Esta es una historia en la que se produce un acoso en el ámbito familiar. Suele ocurrir en algunos hogares pero no nos enteramos porque sus participantes viven la experiencia con un estado de ánimo muy perturbador.

Los padres estaban preocupados por cómo tomarían la noticia sus cuatro hijos.

La mamá nunca los había abandonado. Desde que nació la primera hasta los tres años del último, siempre había estado en la casa cuidando, mimando, alimentando, consolando.

Tal vez por esto, ella hizo esa comida especial, la más popular, la que más  gustaba a los cuatro: milanesas con papas fritas.

Sin embargo, el padre y la madre habían generado una cierta ansiedad, sobre todo en los dos más grandes que entendían mejor el mundo de los adultos.

Sentados en los lugares de siempre, el padre dijo con cierta solemnidad:

— Los tiempos han cambiado, las cosas ya no son como eran —, la mujer frunció el seño, lo miró poniendo cara de «¡vos estás loco!», él captó en el aire la edad del auditorio y mejorando su estilo, continuó:

— A partir de mañana mamá tendrá que salir temprano y serás  vos,  Marianita,  la que se encargue de cuidarlos a ustedes tres.

Mariana puso gesto de acusada injustamente, miró a la madre como buscando consuelo, explicación o defensa; la madre bajó la mirada, el padre se concentró en la milanesa, el más chico siguió hamacando los pies frenéticamente, sin entender nada, y la más chica los miró a cada uno y, seguramente pensó:

— ¿…? —, mientras comía papas fritas apresadas con la mano.

Mariana se recompuso rápidamente, de su mirada escapó un destello diabólico, miró al hermano mayor, le dio un codazo casi brusco; el muchacho se puso colorado, tragó saliva, apretó los labios como si fueran a darle una vacuna y dejó de comer. La mirada de Mariana lo taladraba. Nadie más que él lo notaba.

— Así que, Mariana, ahora vas a poder demostrar que ya sos una mujer hecha y derecha, capaz de asumir responsabilidad con tus hermanos—, dijo la madre, tomando el liderazgo abandonado por el padre hambriento.

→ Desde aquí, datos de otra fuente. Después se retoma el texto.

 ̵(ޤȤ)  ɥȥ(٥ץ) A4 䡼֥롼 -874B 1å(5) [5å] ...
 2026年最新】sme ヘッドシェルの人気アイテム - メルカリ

La expresión de Mariana cambió bruscamente, de atacada por la injusticia a ganadora de un bingo multimillonario.

— Sí, mamá, quédense tranquilos que acá todo el mundo se va a portar bien, muy bien. ¿Verdad, chicos?—, dijo emulando a alguna presidenta muy mediática.

El muchacho no pudo seguir comiendo pero otra vez nadie le prestó atención. Se fue al dormitorio, se dejó caer boca abajo en su cama, quiso llorar pero no pudo.

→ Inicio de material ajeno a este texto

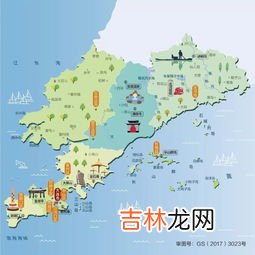 燕国是现在的哪里,燕国是现在的哪个省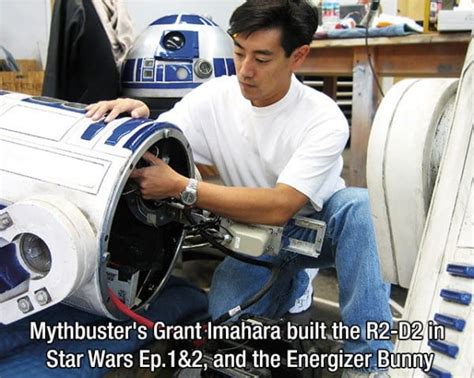 15 Essential Star Wars Facts Every Super Fan Should Know Pulptastic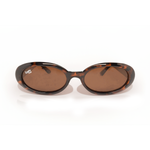 Load image into gallery, Monarch - Sunny Sup Sunglasses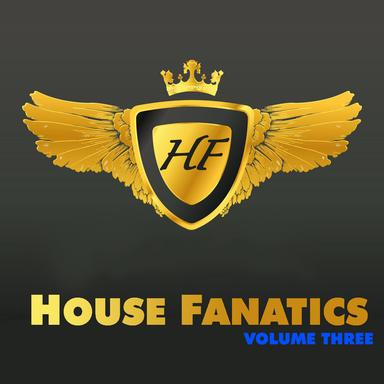 Right Now! - Andres Montae Remix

Dos bandas militares completas marchaban en sentido contrario: redoblantes, trompetas, tubas, matracas, pitos de réferi. ¿Dónde se cruzaban? Exactamente en el entrecejo del joven perturbado. El estruendo le impedía pensar, temer y desear.

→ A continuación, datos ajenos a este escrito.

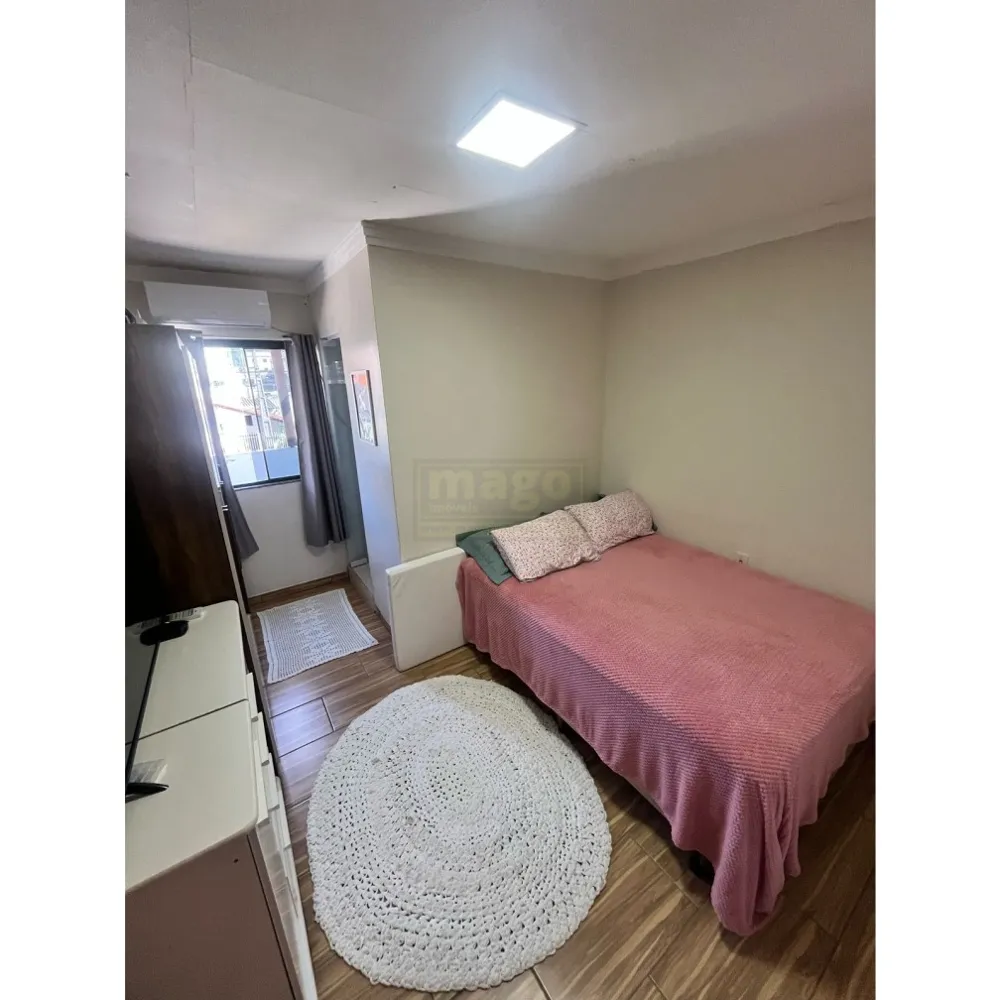 Casa para Venda no bairro sao judas tadeu  em Balneário Camboriú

El miércoles comenzó el martirio. Los más chicos habían sido llevados por un vehículo a su escuela y Mariana, sin quitarse la toalla grande ni la que formaba un turbante, entró muy decidida al dormitorio del hermano, descorrió las sábanas, dejó caer las toalla y uno de los desfiles militares desapareció mágicamente.

El niño solo fue testigo de cómo Mariana le usaba el descontrolado cuerpito de doce tiernos años.